Shaun isn’t alone. Companies around the world recognize not only the abstract value of continued education but its direct effect on their bottom line. Why is this? Research shows that those who view learning as a lifelong process are better networkers, leaders, problem solvers, and workers.
Continuing Education = Motivated Employees
In his book, Drive: The Surprising Truth About What Motivates Us, author Dan Pink writes that in order for human beings to feel connected to their lives, fulfilled, and motivated, they need three things: autonomy, mastery, and purpose. Education — formal or informal — is the single key that unlocks all three.

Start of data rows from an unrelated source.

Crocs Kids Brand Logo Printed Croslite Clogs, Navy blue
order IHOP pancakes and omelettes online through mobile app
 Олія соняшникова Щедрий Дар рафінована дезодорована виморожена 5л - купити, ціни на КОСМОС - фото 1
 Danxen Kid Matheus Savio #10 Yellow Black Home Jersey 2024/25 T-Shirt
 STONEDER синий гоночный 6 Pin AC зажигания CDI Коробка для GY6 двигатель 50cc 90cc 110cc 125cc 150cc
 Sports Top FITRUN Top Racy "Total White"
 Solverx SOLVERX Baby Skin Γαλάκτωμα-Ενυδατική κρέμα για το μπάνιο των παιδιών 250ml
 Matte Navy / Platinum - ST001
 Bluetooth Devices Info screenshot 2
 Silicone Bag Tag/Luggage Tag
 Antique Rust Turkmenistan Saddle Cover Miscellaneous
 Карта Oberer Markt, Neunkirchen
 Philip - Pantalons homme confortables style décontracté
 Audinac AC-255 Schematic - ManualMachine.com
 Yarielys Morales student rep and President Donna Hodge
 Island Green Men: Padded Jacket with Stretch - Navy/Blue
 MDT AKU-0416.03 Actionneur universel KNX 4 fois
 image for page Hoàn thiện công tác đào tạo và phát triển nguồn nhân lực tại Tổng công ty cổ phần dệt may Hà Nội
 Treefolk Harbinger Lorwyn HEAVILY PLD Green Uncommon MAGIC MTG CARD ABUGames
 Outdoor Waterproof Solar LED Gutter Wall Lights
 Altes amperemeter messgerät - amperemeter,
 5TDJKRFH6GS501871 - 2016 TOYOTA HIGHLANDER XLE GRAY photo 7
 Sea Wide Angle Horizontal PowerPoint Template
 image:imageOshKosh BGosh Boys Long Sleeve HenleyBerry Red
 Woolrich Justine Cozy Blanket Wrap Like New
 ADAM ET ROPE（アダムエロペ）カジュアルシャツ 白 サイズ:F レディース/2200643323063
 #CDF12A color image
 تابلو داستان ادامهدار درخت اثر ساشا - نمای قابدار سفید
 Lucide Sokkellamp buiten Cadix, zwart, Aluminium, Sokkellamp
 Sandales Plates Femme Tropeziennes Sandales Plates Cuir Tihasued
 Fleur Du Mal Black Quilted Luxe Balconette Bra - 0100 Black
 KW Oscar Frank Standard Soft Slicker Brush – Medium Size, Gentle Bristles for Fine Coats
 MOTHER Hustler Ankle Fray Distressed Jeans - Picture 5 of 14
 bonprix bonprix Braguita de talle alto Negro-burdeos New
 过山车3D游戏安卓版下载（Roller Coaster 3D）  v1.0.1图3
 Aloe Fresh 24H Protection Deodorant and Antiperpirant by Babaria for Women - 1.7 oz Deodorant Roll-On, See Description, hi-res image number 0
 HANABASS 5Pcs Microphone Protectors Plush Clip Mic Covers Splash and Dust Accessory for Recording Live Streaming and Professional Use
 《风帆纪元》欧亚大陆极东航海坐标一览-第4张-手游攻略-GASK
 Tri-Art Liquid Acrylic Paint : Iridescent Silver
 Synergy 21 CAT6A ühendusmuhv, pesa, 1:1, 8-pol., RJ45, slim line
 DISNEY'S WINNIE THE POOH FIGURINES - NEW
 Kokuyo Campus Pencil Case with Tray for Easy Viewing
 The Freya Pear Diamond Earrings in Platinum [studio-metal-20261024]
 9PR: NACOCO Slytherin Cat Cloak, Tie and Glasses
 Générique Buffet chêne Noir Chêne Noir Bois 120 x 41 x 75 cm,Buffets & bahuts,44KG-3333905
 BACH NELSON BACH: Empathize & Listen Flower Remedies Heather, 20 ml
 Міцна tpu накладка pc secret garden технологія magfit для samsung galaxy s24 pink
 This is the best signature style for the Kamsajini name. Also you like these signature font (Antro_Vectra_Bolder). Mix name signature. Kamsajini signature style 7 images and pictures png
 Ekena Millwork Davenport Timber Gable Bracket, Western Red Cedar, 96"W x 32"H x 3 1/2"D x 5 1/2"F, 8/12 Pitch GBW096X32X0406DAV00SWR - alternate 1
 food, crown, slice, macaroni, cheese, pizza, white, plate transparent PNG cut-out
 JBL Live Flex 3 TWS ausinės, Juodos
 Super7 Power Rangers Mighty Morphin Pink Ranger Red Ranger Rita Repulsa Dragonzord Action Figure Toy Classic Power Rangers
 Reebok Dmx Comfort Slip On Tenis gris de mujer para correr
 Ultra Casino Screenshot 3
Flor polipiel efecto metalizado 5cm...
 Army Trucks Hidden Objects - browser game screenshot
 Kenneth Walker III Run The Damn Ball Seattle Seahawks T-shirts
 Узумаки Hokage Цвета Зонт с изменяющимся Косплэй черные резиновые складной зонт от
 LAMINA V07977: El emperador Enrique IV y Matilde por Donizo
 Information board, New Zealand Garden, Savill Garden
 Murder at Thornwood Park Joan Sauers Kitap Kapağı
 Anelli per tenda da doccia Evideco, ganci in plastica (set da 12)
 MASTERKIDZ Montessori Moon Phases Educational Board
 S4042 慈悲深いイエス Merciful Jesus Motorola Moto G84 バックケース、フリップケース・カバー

Most Americans spend the first 22 years of their lives learning. Then, they go to work and forget all about it. About 42% of Americans will never pick up a book again after college. How do we change this and create a smarter, more resourceful workforce? Why would we want to?
The American Society for Training and Development (ASTD) conducted a study of 540 U.S. Corporations. According to the ASTD, groups that spent more on training had 37% higher gross profit per employee than groups that spent the bare minimum. Groups with the highest success spent about 6% of their annual payroll budget on training and continuing education.
Not only that, but the study indicated that firms that invest $1,500 in training per employee, compared to those that spend $125 per employee, experience an average of 24% higher gross profit margins and 218% higher revenue per employee.
The only remaining question is how to get your team on board. Here are some quick suggestions.
Lead By Example
When Shaun pulls into our parking lot every day, one might expect to hear a little Journey blaring out of his speakers. Instead, in the quick seconds before he cuts the engine and steps out of his car for a busy day, employees can catch the sounds of a business audiobook or the last few lines of the latest podcast on marketing and management.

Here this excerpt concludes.